= Ediciones de la Flor =

Argentine publishing company

Ediciones de la Flor was an Argentine publisher, founded in 1966 by Daniel Divinsky and Ana Maria Kuki Miler. It is one of the few still independent publishers of that country. It was known for publishing works of comic book authors, such as Roberto Fontanarrosa, Quino, Caloi and Liniers, in addition to publishing literary authors such as Rodolfo Walsh, Silvina Ocampo and Umberto Eco.

== History ==
The publisher began when the lawyer Divinsky and his legal partner Tito Finkelberg joined with the editor Jorge Álvarez to open a bookshop. Not having the necessary capital for the company, Álvarez suggested to use the money (300 dollars) to instead buy book publishing rights.

In 1967, de la Flor published its first book, the anthology Buenos Aires, de la fundación a la angustia (Buenos Aires from the foundation to the anxiety), including short stories by Julio Cortázar, Rodolfo Walsh and David Viñas. In 1970, Kuki joined the publishing house. That year, de la Flor published the first book of Quino's Mafalda.

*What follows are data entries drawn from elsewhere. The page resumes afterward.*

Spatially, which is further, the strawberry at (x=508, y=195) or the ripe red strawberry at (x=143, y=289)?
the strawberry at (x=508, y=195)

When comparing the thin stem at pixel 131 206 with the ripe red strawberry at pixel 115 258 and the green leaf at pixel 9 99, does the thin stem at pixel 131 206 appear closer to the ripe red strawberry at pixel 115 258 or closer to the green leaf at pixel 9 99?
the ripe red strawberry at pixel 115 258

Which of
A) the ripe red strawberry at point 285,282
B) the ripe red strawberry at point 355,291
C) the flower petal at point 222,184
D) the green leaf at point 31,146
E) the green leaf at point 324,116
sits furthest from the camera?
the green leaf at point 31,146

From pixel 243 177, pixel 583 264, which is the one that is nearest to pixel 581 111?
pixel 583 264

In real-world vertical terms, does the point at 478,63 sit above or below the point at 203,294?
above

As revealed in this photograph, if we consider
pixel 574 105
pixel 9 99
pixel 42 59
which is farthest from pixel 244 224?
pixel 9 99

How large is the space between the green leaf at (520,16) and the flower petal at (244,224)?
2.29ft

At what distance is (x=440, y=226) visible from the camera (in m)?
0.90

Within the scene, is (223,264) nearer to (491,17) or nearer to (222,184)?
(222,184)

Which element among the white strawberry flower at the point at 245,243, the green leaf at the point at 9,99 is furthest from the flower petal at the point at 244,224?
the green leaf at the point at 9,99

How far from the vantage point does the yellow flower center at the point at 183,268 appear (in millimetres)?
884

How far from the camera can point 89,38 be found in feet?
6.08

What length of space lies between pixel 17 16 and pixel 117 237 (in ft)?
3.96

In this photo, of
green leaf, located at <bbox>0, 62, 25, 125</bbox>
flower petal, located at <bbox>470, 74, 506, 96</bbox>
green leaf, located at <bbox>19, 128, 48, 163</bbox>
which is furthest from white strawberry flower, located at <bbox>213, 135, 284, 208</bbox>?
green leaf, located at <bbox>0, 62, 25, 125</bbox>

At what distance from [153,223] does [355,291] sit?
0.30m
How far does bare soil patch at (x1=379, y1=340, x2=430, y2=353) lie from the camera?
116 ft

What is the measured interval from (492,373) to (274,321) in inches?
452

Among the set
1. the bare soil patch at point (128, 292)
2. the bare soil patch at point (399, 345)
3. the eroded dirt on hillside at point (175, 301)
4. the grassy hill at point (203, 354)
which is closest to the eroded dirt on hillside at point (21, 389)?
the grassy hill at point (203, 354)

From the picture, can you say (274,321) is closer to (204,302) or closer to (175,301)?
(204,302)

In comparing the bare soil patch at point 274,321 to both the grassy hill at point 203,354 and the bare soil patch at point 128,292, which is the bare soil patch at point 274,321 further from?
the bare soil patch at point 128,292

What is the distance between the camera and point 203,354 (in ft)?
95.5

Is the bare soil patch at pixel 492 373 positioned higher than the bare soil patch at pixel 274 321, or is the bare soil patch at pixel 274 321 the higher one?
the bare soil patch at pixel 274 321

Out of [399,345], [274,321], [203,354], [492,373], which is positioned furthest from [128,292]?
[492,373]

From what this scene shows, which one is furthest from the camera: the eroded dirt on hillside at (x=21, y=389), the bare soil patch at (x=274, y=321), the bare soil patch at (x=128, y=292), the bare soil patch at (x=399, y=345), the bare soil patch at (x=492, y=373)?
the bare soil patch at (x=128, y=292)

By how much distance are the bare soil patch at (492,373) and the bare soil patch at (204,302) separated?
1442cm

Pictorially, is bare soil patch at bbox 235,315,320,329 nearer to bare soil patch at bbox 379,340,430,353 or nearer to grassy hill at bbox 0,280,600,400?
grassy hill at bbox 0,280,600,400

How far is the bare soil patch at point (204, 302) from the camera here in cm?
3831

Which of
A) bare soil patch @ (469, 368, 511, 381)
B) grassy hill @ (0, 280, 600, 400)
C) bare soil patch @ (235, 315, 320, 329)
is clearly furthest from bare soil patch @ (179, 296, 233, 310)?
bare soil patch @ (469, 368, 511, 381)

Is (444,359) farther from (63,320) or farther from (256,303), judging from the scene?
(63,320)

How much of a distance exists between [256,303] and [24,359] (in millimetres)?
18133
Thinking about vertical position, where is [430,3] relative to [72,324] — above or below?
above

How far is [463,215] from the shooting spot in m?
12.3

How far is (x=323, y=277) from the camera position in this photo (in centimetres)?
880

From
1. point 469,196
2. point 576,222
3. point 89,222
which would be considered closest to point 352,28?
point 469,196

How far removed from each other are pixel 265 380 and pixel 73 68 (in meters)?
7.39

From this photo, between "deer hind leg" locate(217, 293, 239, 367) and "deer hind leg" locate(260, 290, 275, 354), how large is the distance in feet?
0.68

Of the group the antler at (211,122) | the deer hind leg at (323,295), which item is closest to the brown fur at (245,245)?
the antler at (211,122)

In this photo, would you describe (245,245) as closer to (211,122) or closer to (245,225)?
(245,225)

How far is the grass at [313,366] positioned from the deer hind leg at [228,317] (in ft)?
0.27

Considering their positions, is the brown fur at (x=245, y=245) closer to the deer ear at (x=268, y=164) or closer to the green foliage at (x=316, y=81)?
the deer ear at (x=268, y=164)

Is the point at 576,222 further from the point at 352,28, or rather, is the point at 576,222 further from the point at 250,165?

Between 1977 and 1983, during the Argentine military dictatorship, Divinsky and Kuki went into exile in Venezuela, for having published Cinco Dedos (Five fingers), a children's book considered "subversive" by the government.

==Closing==

In April 2026, at the 50th Buenos Aires International Book Fair, the publishing house announced its closing; in a statement the editors said: "The book world is not the same, and we are not the same either".